А. Сахаров (редактор) - Елизавета Петровна
– Ваша эминенция совершенно правы, – твёрдо ответил он, – в моих словах был такой смысл, что шевалье оставалось или вызвать меня на дуэль, или уйти осмеянным. Он назвал оттенок своего камзола «бле-де-сиель», а я сказал, что, по-моему, его камзол «бле-де-кур». Всем, кто знает, что этот господин существует исключительно милостями своей любовницы, старухи Бледекур, пользующейся вашим отеческим расположением, кардинал, смысл моих слов ясен. Но если мои слова и были оскорбительны, то разве не оскорбительно было для его величества, что его первый министр и кардинал представляет ко двору его величества столь сомнительную личность?
– Эй, вы! – крикнул гасконец, топая ногой и готовый броситься на маркиза.
– Что такое? – крикнул на него король, вставая с места. – Вы забываетесь в присутствии короля?

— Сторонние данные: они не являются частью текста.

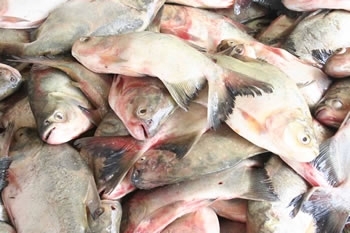 O projeto Peixe Santo foi criado em 1991 com o objetivo de fomentar a comercialização de peixes criados em viveiros.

– Если король, – в бешенстве ответил ла Хот-Гаронн, – позволяет своим фаворитам оскорблять в своём присутствии дворянина, то у дворянина нет никаких обязанностей по отношению к королю!
– Д'Антен! – крикнул король. – Немедленно отвести этого господина в Бастилию!
Д'Антен крикнул двух дежурных гвардейцев, и гасконца увели.
– Так вот каковы овечки у вашей эминенции? – снова сказал король. – И вы ещё решились требовать самых суровых кар для маркиза де Суврэ? Попрошу вашу эминенцию быть на следующий раз осторожнее как в рекомендации, так и в осуждении. Суврэ совершенно прав: представление ко двору такого господина есть оскорбление для меня!
Как и всегда в таких случаях, кардинал прибегнул к испытанному средству – отставке.
– Едва ли мне придётся впредь испытывать терпение вашего величества, – слащаво запел он, – потому что я с каждым днём чувствую себя всё более слабым и больным…
– Вот что, кардинал, – резко оборвал его Людовик, – если вы на этот раз вздумали завести свою старую песню об отставке, то вы выбрали плохой момент. Я как раз в таком настроении, что легко могу согласиться со слабостью и болезненностью вашей эминенции!
– Пока у меня ещё есть хоть капля силы, она вся принадлежит вашему величеству! – смиренно ответил кардинал, видевший, что сегодня с его величеством творится что-то необычное, а потому обычные меры могут оказаться опасными.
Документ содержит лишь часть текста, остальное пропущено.